In April 2012 the service became an independent, charitable trust and in May 2012 it was designated as the government's music and education hub for the area.

== Location ==
The music service headquarters is in Northampton in a Victorian school building on the corner of Clare Street and the Kettering Road that used to be known as John Clare School.

== Performances and events ==
Groups from the music service perform at the Derngate, Spinney Hill Theatre, Cripps Hall, the Lighthouse Theatre and other venues throughout the year.

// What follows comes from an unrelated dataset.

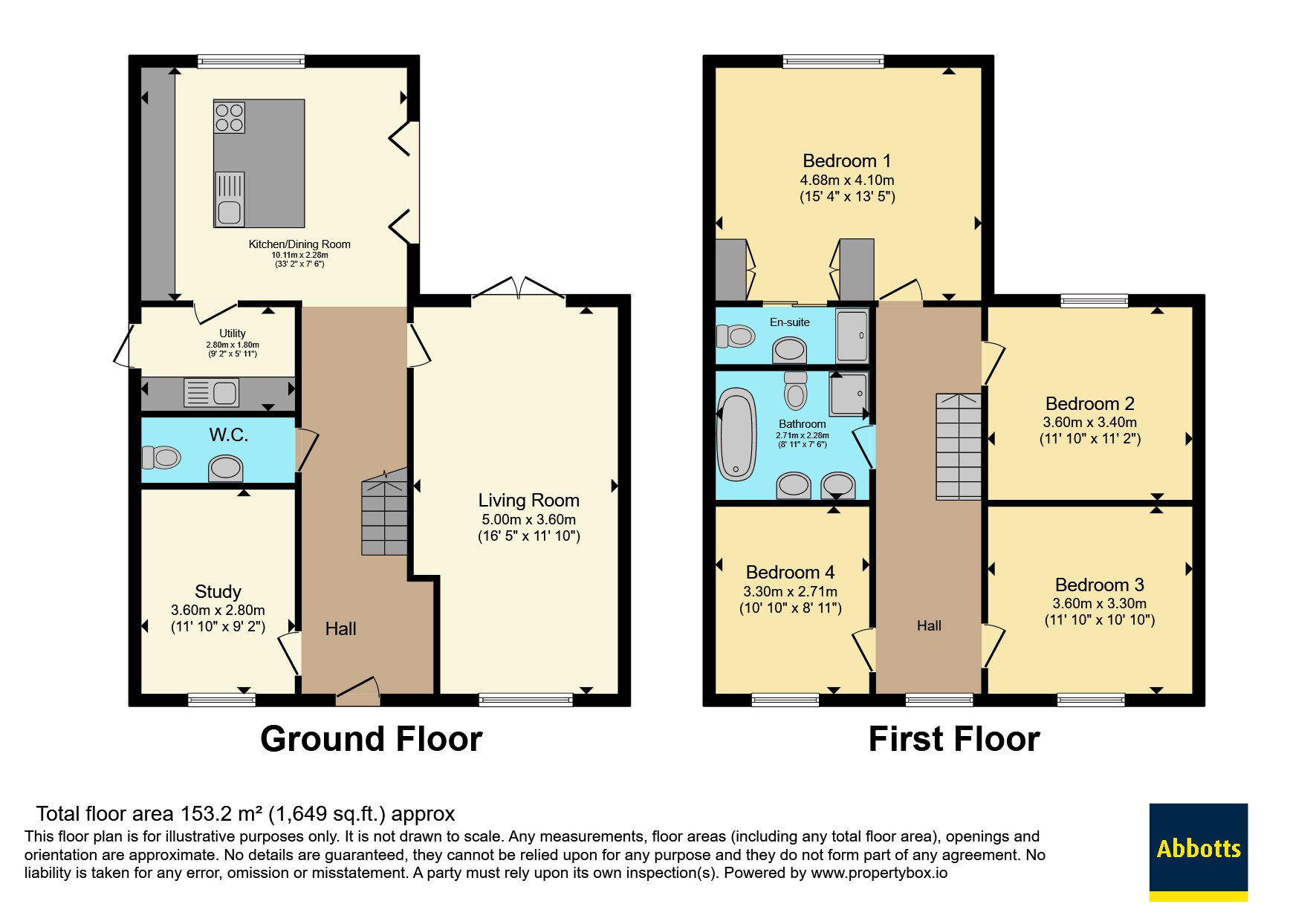 10B,, Pymoor Lane, Ely floorplan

Each year, there are residential courses for students in Junior and Training Groups around October, as well as "Play & Stay" courses for students between years 3 and 6 in February. These used to occur at Grendon Hall, however have since been relocated to the Rock UK Frontier Centre since 2019. Students in CYO, the County Youth Concert Band (CYCB) and the County Youth Brass Band (CYBB) go on tours to a foreign country in alternate years. From 2016, the County Youth Choir (CYCh) have also toured. The CYO and CYCh tour jointly one year, and the CYBB and CYCB the following year. For example in July 2014, the CYO went to Germany, and in July 2015, the CYCB and CYBB went to the Czech Republic and Slovakia, including a performance at Kroměříž Castle.

The music groups and groups from the Saturday morning centres take part in the National Festival of Music for Youth and the service is often represented at the Schools Proms at the Royal Albert Hall in November. In 2012 both the County Youth Concert Band and the County Youth Orchestra featured at the Schools Proms.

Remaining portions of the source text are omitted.